LSNA recognizes that while building relationships and developing leaders are necessary dimensions of community capacity building, they are insufficient in and of themselves.  Leaders need campaigns and strategies; it is through democratic participation, exercised both internally within LSNA and in wider social and political spheres of influence, that community capacities are maintained and strengthened.  An organization needs a mission that focuses the skills and energies of individuals and groups.  LSNA’s Holistic Plan serves that purpose.

Finally, the interlocking efforts of relationship building, leadership development and democratic participation come together and find expression and relevance in the building of power and the changing of policies.  LSNA members employ their skills and demonstrate the scope of their capacities in the exercise of power and its impact on changing policy.  Examples from our case studies illustrated this in terms of the work to reduce school overcrowding and make schools centers of community life, as well as the many public actions that heightened community awareness around the need for affordable housing policies. 

Strategic Implications for Other Organizations

LSNA's approach, grounded in the traditions of community organizing, has much to offer to other organizations and individuals committed to capacity building in low-income urban communities.  The community organizing approach contrasts with many other capacity-building efforts because of its commitment to mobilizing and energizing low- and moderate-income community members.  Community capacity building has found its way onto the national agenda of many foundations and funding sources.  As these organizations continue to support research and programs in this area, we believe that LSNA’s work is a reminder of how important it is to remain open and supportive of an approach to community organizing that trusts local residents to define their own issues and take action on them.  LSNA is working specifically in the context of a mixed-income neighborhood facing displacement of its poorest residents, but its work also has lessons to offer community-building efforts in other contexts.  We believe that LSNA’s work of building community capacity offers a valuable model for community organizations and the funders who support them.
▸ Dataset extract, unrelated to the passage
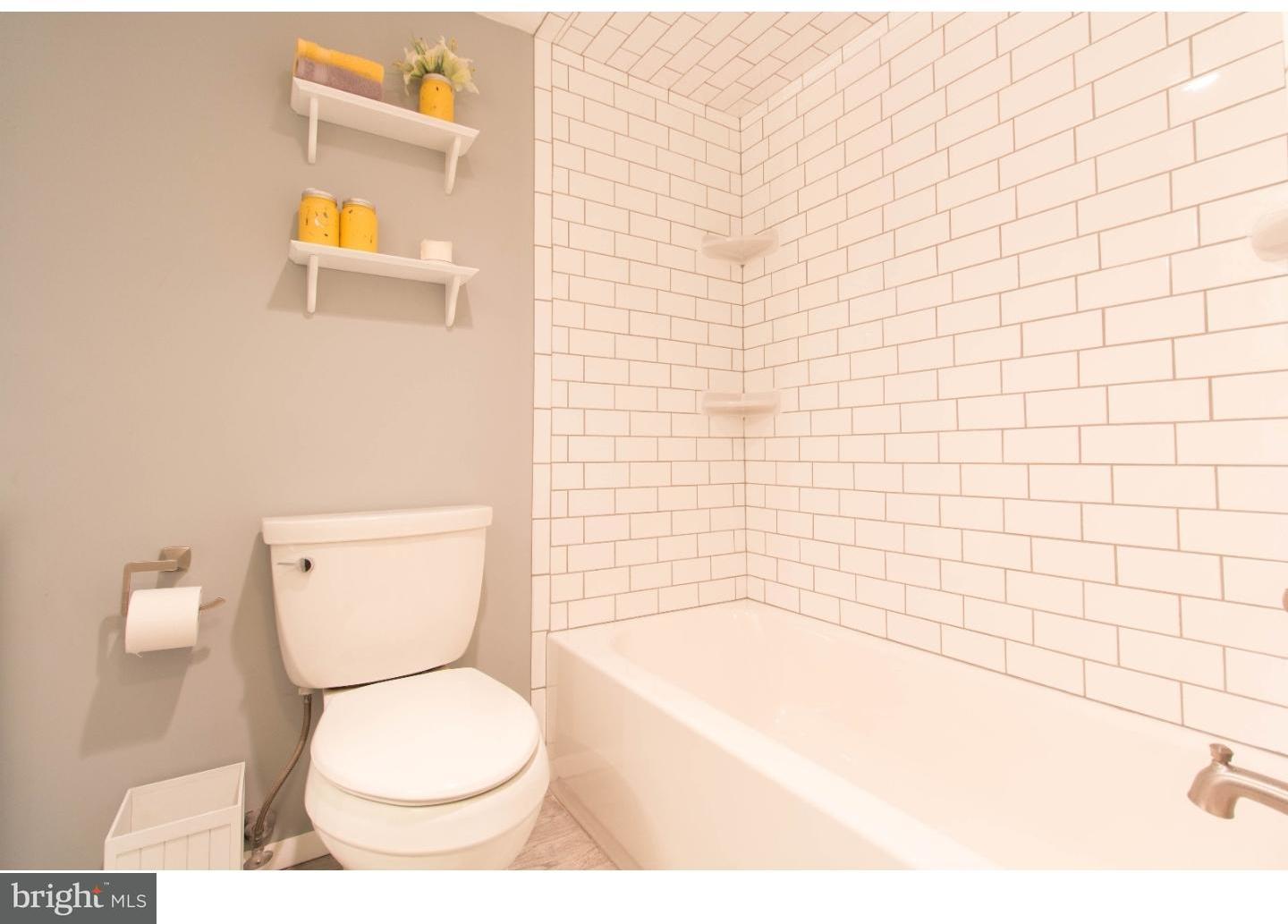 2903 Eagle Road West Chester, PA 19382 - Photo 1 of 3 Gallery Image 1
This research also raises questions about the work and future of a group like LSNA.  As the organ­ization, the community, and the city as a whole change, it is valuable to step back and ask "What aspects of LSNA's work can continue? What parts must change? What parts must be given up?"

Recommendations

Recommendation One: Building interpersonal relationships and trust is important for organ­izations that want to identify and incorporate the range of resources and constituencies available within their communities.  Constituencies may include businesses or professionals, cultural organizations, churches or other social groups. Sometimes resources and constituencies are located in non-formal settings and with individuals and groups not clearly affiliated with a specific organization.  Incorporating multiple voices and agendas requires both trust and democratic organizational processes such as the Holistic Planning process.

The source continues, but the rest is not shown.